The comparison target value setting section 226 may set or change the comparison target value based on the integrated value historical information. For example, the comparison target value may be set or changed based on the values stored in the maximum integrated value buffer 215 and the area integrated value buffers 213-1 to 213-9. A correspondence table or a correspondence function of each integrated value (e.g., the average value of the integrated values of the images in the preceding x frames) acquired as history and the setting value may be set, and the comparison target value may be calculated from the correspondence table or the correspondence function by means of software based on the integrated value historical information. In this case, the comparison target value may be set at a small value when the average value of the integrated values of the images in the preceding x frames is small (dark), and may be set at a large value when the average value of the integrated values is large (bright).
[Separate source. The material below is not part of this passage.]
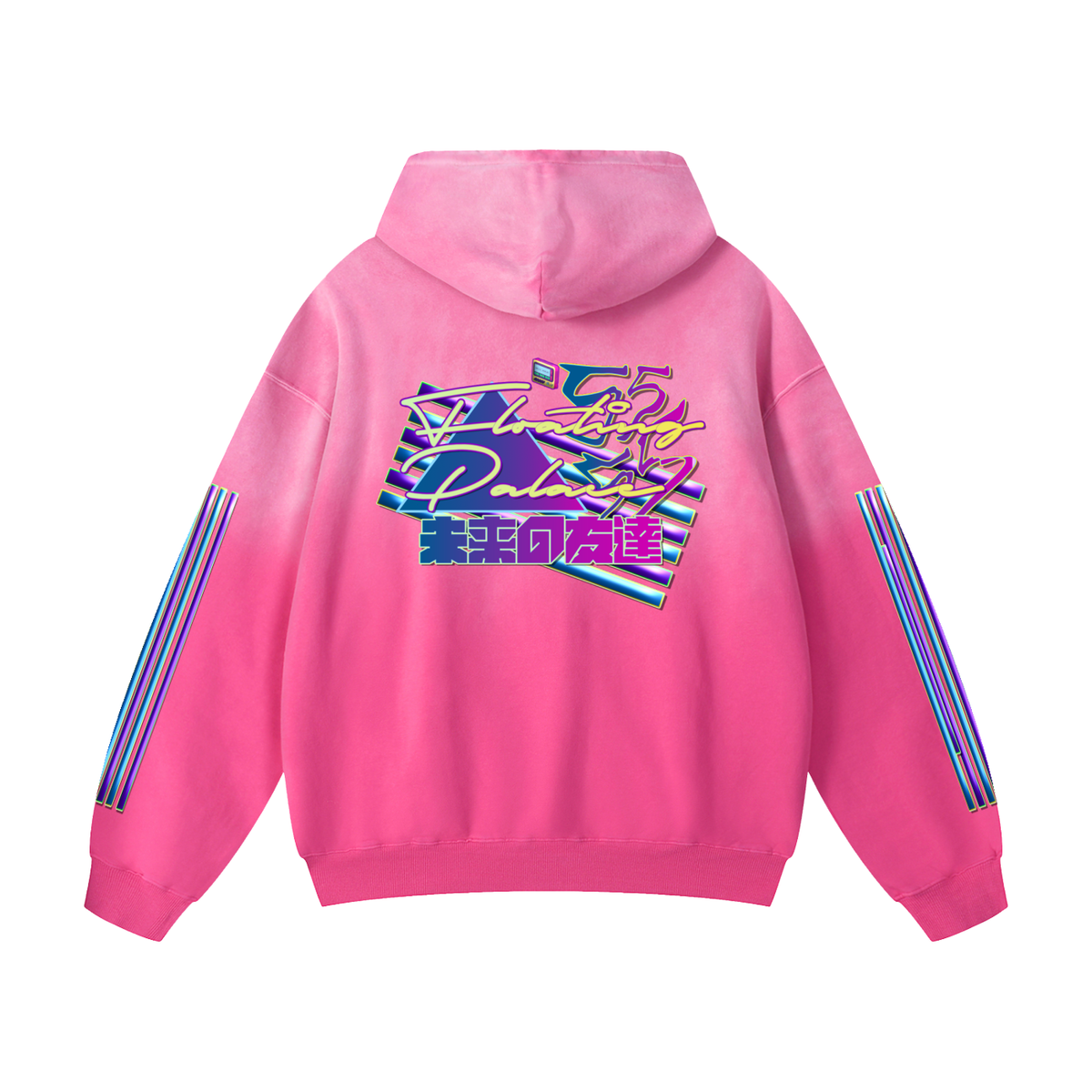 Floating Palace (Heavyweight Sunfade Oversized Hoodie)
The comparison target value setting section 226 may set or change the comparison target value based on the date information. For example, the comparison target value setting section 226 may set the comparison target value at a small value (set a value with low luminance) in the night time zone based on the time information, and may set the comparison target value at a large value (set a value with high luminance) in the night time zone based on the time information.
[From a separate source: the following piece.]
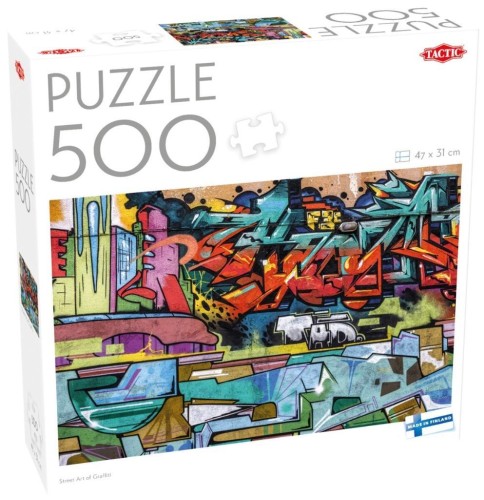 Puzzle 500 Sztuka uliczna graffiti, Tactic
When setting a plurality of levels according to a change in brightness and determining the level, a plurality of change detection sections 220 corresponding to the levels may be provided. The comparison result between the comparison target value for each level and the integrated value may be stored in a comparison result storage register for each level, and the level of a change in brightness may be determined based on the value stored in the comparison result storage register for each level.
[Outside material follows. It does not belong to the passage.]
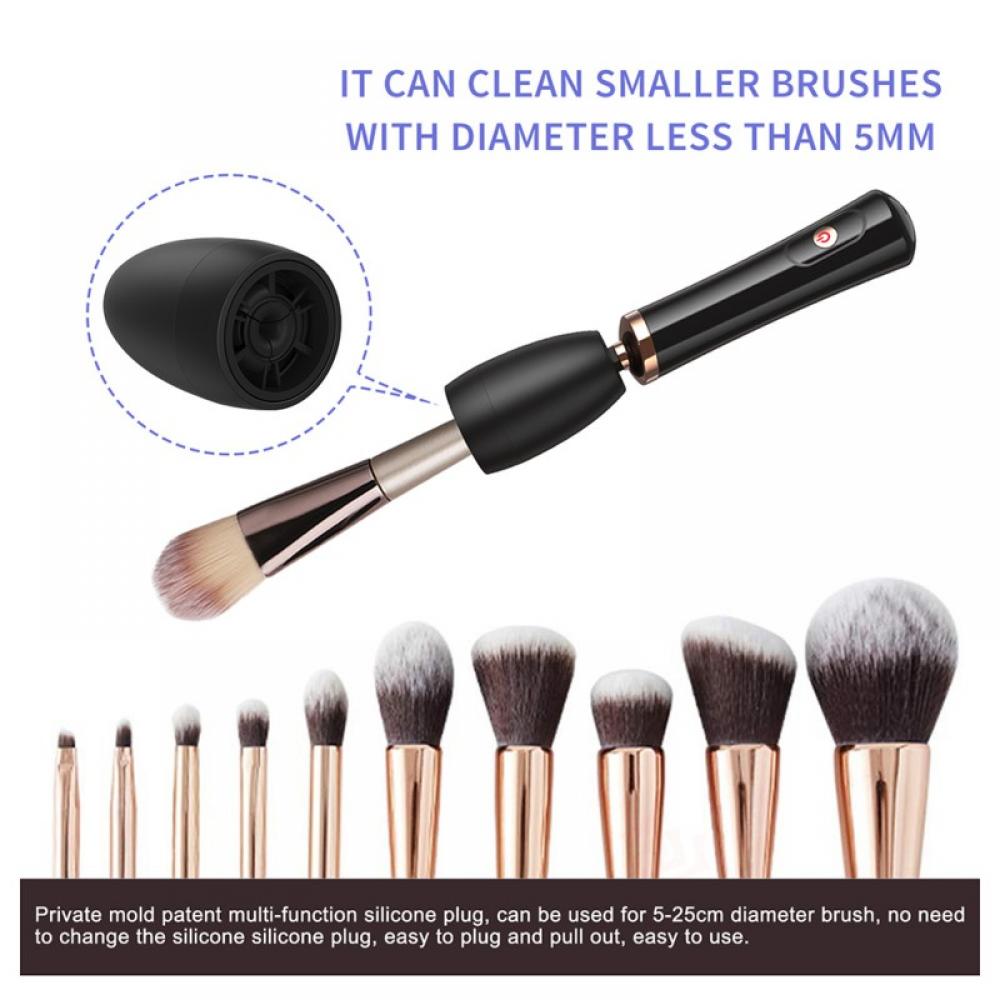Pretty Comy Premium Electric Makeup Brush Cleaner And Dryer Machine, Type C  Charged Multi-Function Silicone Plug Super-Fast Electric Brush White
FIG. 4 shows a setting example of the level of a change in brightness.
As shown in FIG. 4, three levels (level 1 to level 3) may be set.
The level 1 is a level set to detect “overexposure”. A change at the level 1 may be detected by comparing the integrated value with the maximum pixel value. For example, the maximum pixel value may be set in the comparison target value buffer 222 of the detection section 220 for detecting the level 1. When the level 1 has been detected, the exposure of the camera module may be reset through an I2C (described later), for example.
The level 2 is a level set to “correct an image due to sunshine reflection”. A change at the level 2 may be detected by comparing the integrated value with a value four times the integrated value. For example, a default value four times the integrated value may be set in the comparison target value buffer 222 of the detection section 220 for detecting the level 2, or a value four times the value stored in the maximum integrated value buffer (history) may be set. When the level 2 has been detected, the corresponding Y component of the subsequent image data may be corrected by image processing (e.g., reduces the Y component value to ¼th of the original value).
The level 3 is a level set to “correct an image that has changed due to sudden brightness”. A change at the level 3 may be detected by comparing the integrated value with a value twice the integrated value. For example, a default value twice the integrated value may be set in the comparison target value buffer 222 of the detection section 220 for detecting the level 3, or a value twice the value stored in the maximum integrated value buffer (history) may be set. When the level 3 has been detected, the corresponding Y component of the subsequent image data may be corrected by image processing (e.g., reduces the Y component value to ½nd of the original value).
When the degree of change is set in the order of level 1>level 2>level 3, the level 1 can be detected when only the level 1 is satisfied, the level 2 can be detected when the level 1 and the level 2 are satisfied, and the level 3 can be detected when the level 1 to the level 3 are satisfied.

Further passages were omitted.